That's that's what gives us a little more freedom to pay more is there benefits. Now there is the category that that I'm using. It's called uh occasional/on call and that would be more probably like your piano. Exactly. Because they don't get any benefits. We have to pay them sick time for new color rules but that's it. Yeah. So that's that's where it's us like it's almost like military. It's like you know maybe a weekend a month or two weeks a year we if anybody gets it we all get it. What's our overtime again? Is it 60,000? Yeah. So I mean I think if if this plan works then we can probably reduce that probably by 20.

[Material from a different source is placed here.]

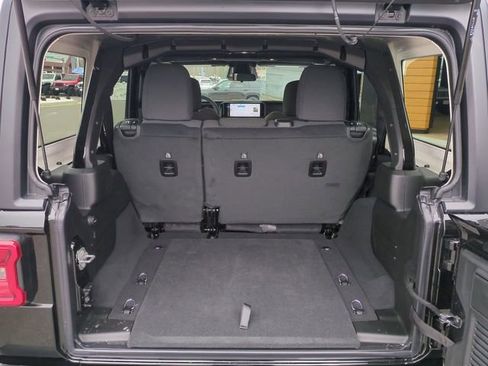 New 2026 Jeep Wrangler Rubicon image 13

That's true actually. Yeah. We could take a portion of that and put it towards it and not have to worry about that such an increase. Yeah, that's a good point. That's a good point. So, yeah, we can do that. I think it's uh So, you guys comfortable with reducing it now by 20 and then adding these positions in. Y and so that that might be like closer to an $80,000 increase. Yeah, because it'll it'll be in the budget. It'll just be a different line. Correct. And we'll know. Breaking out differently. Yeah, we'll know. Yeah, that's fine with me. Yeah. And I just I bring up the classification thing for exactly the benefits thing, right? Where if we if we classify them as b as parttime, we may have to pay benefits where we classified them as something else. We probably don't, right? So,
um I don't have that built in to really break that out from a separation standpoint. So, if I increase this by let's say 100,000, it's going to add automatically here to these. I would have to do like a separate line for them almost like below these numbers or Yes. So, I can play around with that. Yeah. So even if you have wages, salaries, full-time wages, salaries, whatever we call that position, and then be able Yeah. Yeah. So not terribly hard to do, but
um but just just so we can look at it there. I mean, I'm just going to I'm just going to do this to make easy here. So say it goes up to 100,000. Let me reduce this 40 so you guys can get eyes on these numbers here. I'm just total estimations right now. Definitely much. Yeah, I think it's onite, too. Yeah.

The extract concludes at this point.